[Jaime Martínez]

La tradición en La Paz


En los 466 años de la existencia de La Paz, los habitantes de las distintas generaciones que la han poblado han dejado su huella en las misteriosas redes del tiempo; lo han hecho con las diferentes manifestaciones de su vida, con lo cual ha ido formando una atmósfera espiritual, que se ha convertido en tradición, en sedimento invisible de la vida de la ciudad.
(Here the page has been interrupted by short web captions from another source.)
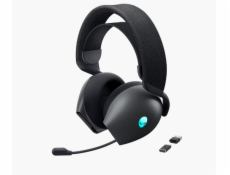 DELL bezdrátová náhlavní souprava  AW725H/ Wireless gaming Tri - mode Headset/ sluchátka + mikrofon/ černá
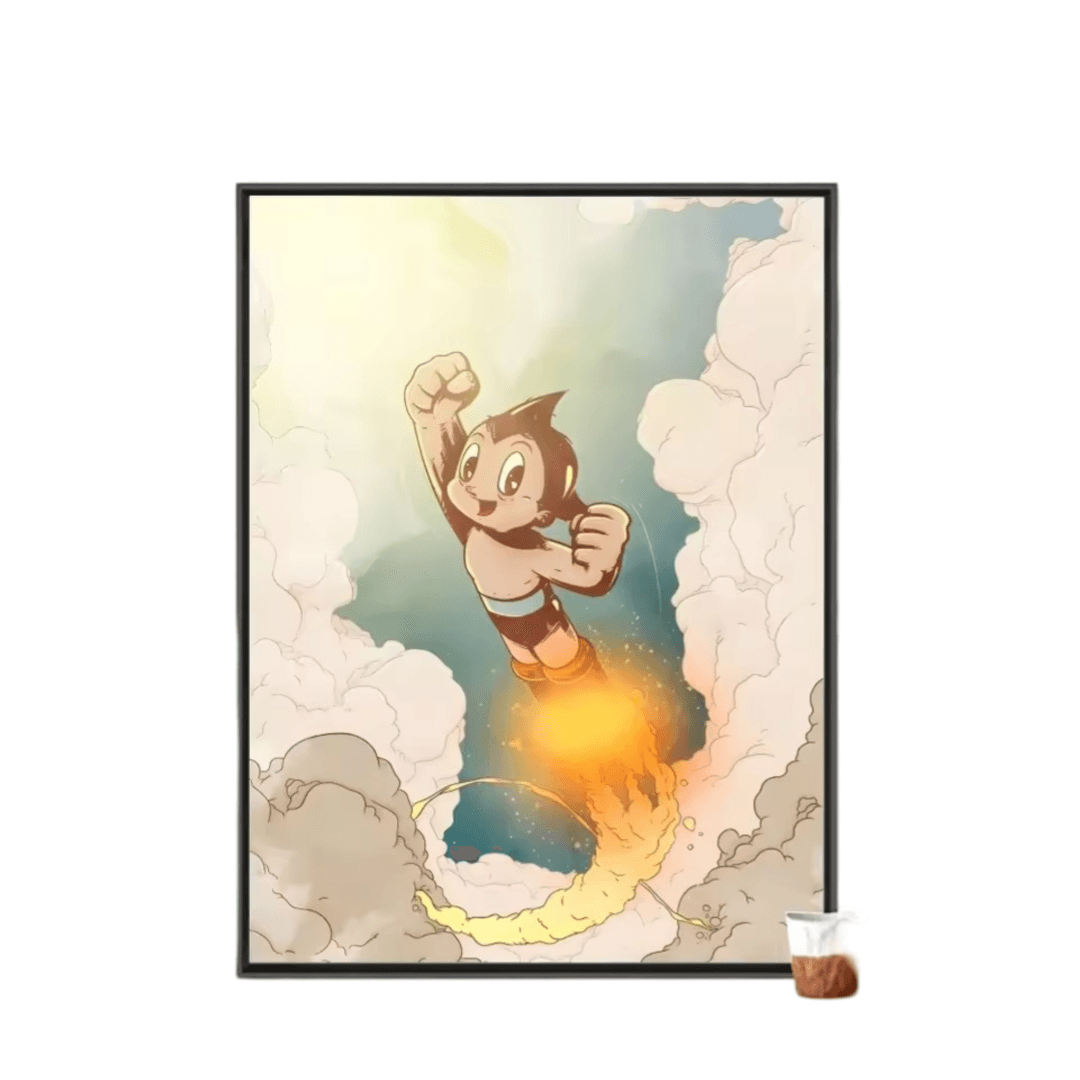 Anime Astro Boy Painting Wall Art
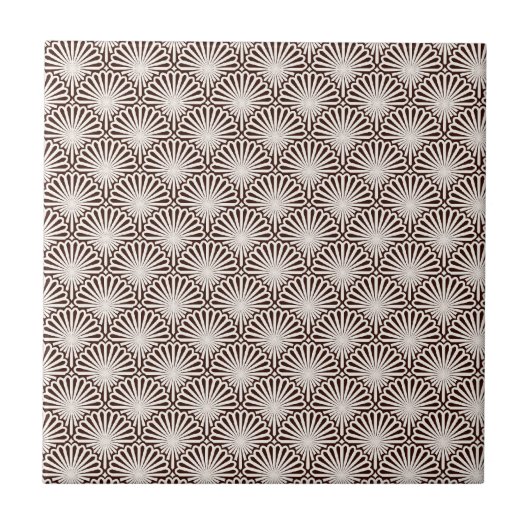 Art Deco Meeresmuscheln Fliese (Vorderseite)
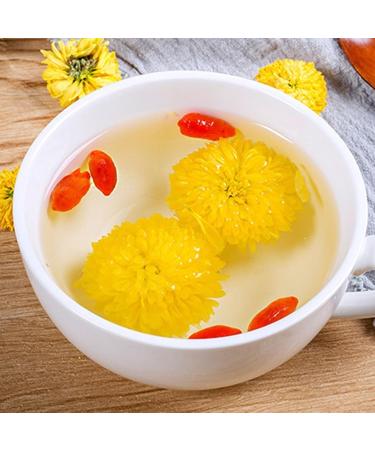 Chrysanthemum Tea 150g Chrysanthemum Tea Big Rhubarb Flower Yellow Chrysanthemum Tea Loose Leaf Edible yellow tea - Buy Online on GoSupps.com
Esa tradición, esa vida impregnada de mentalidad, de costumbres, de maneras de sentir y reaccionar, que aparentemente han viajado al olvido, en realidad flotan en las memorias de los ancianos, llenándolos de nostalgia; otros, amantes de las bases de su cultura, lo recogen de viejos textos o de labios de abuelos llenos del tiempo ido, para volver a poblar las mentes de hoy con el tesoro del ayer recobrado por el milagro de la palabra, y lo elaboran literariamente, lo vierten en las páginas de la crónica y de la leyenda. De esta manera las personas tienen el privilegio de vivir el pasado y el presente en un solo instante: el del recuerdo recuperado por el arte de un narrador.

Entre los escritores que nos han dejado crónicas paceñas podemos recordar a Ismael Sotomayor, cuya elegante pluma ha recogido el ambiente de los siglos coloniales, tan llenos de pendencias, de aparecidos que por las noches se muestran a los tunantes incorregibles, porque esas son las horas en las que esos tales transitan las calles de la aventura y la juerga, para asustarlos y darles la oportunidad de la enmienda de su vida torcida, mostrándonos de esta manera la mentalidad crédula y llena de temor de nuestros antepasados; otro recolector de viejos recuerdos es Antonio Paredes Candia, quien los elaboraba para darnos a conocer leyendas populares, historias del misterio de ultratumba, capaces de hacernos poner los pelos de punta, o de viejos dichos, en los cuales anida el perfume del castellano de las abuelas, tan lleno de pureza gramatical, de color y emoción.

Actualmente hay una nueva escritora de crónicas antañonas: Elizabeth De Col de Céspedes, que ha publicado un nuevo trabajo: “Del tintero a la plumafuente y la puntabola,” con el cual se ha ensuciado los dedos como niña aprendiz que toma el canuto, le pone la pluma metálica, la sopa en el tintero de la investigación y escribe y escribe, hasta que los dedos, llenos de tinta, le duelan por la presión del metal sobre la piel. A ella le debemos la recuperación de viejas costumbres llenas de la mentalidad mágica y supersticiosa de las antiguas generaciones; por ejemplo, nos cuenta que cuando las mujeres de fines de Siglo XIX iban a tener un bebé recurrían a la matrona o partera, y, cuando había retención de placenta, el peligro se subsanaba con toda sabiduría colocando encima del vientre de la parturienta… un zapatito de melliza ¡Y santo remedio! O, de acuerdo con los valores de ese tiempo, la madre permanecía bajo el cuidado de la familia durante una semana, “no más,” cuando daba a luz a una mujercita; pero si era varón, el postparto duraba 40 días.

En las ciudades de antes se vivía en mayor contacto con lo sobrenatural; por eso, no era extraño saber que, un buen día, un conocido seductor de doncellas se aprovechó de la orfandad y pobreza de una adolescente, la cual, al tiempo debido dio a luz un hermoso niño. Por consejo de la parentela, para recuperar la honra, presentó demanda contra el don Juan, quien, enfurecido, negó el hecho. Como en el juicio se pidiera el testimonio de un testigo, un caballero de distinguido porte se ofreció como tal. “Ud. miente. Su testimonio es falso”, bramó el iracundo tenorio. “Si de mis palabras dudáis -dijo el caballero mostrando las manos y el costado heridos- de esto no dudaréis”. Los ojos de la concurrencia se desorbitaron al reconocer al Cristo resucitado, con los estigmas en palmas y pecho; cuyo testimonio era indudable. Ese caballero pidió a la adolescente que se hiciera monja; y que él se haría cargo de la criatura. Al rufián aquel le deparó una mala muerte, en castigo por sus malandanzas.

Es grato recordarlas pías leyendas en este nuevo aniversario de La Paz.